Reviews

Dream Pill

The “dream pill” is the sedative the bossman feeds to Tunde and Bola when he comes for them at night, makes them doll up in high heels, short dress and lipstick and lets them sit on the laps of men who are sad because their clothes are so heavy.

Tunde and Bola are nine-year-old girls from Nigeria sold into sexual slavery somewhere in the UK, played with wide eyes and guileless charm by Samantha Pearl and Danielle Vitalis. We meet them in the small room where they’re held captive. The room contains nothing but two sleeping mats and the paltry “treasures” they’ve unearthed there – an abandoned shoe, a broken bracelet, a pendant that will protect them…

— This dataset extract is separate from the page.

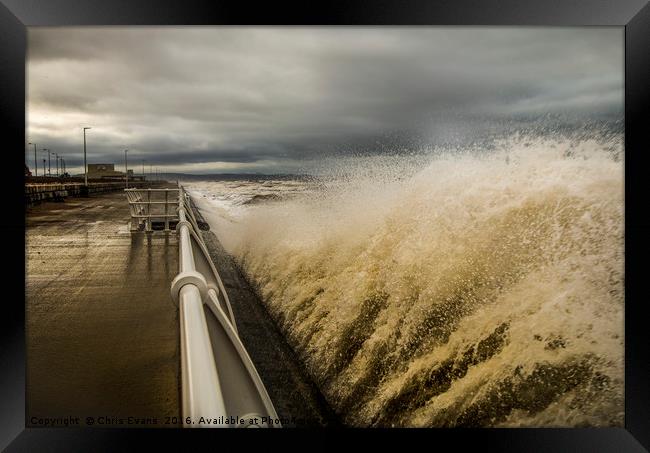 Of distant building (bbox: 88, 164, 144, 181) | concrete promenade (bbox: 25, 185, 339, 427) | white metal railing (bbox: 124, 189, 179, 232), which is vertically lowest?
concrete promenade (bbox: 25, 185, 339, 427)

The girls are clearly terrified – they fear that even we may be spirits, demons that enter via their dreams – but they are far from downbeat. You don’t have to go to school here, you can watch TV all day and listen to the radio. Their favourite programme is Prison Break and they like to dance to Beyonce; they demonstrate the way the men who visit like them to swivel their hips and wiggle their bums, which makes them giggle.

All their horrific experiences are told in just such an unaffected way: they don’t understand what’s happening to them but we do, and their ignorance makes our knowledge of their plight and robbed innocence weigh all the more heavily.

It’s only 30 minutes long, but Rebecca Prichard’s two-hander, commissioned by Clean Break theatre company, feels like a very big, important play about the evil that can be inflicted on children and their incredible resilience in the face of it.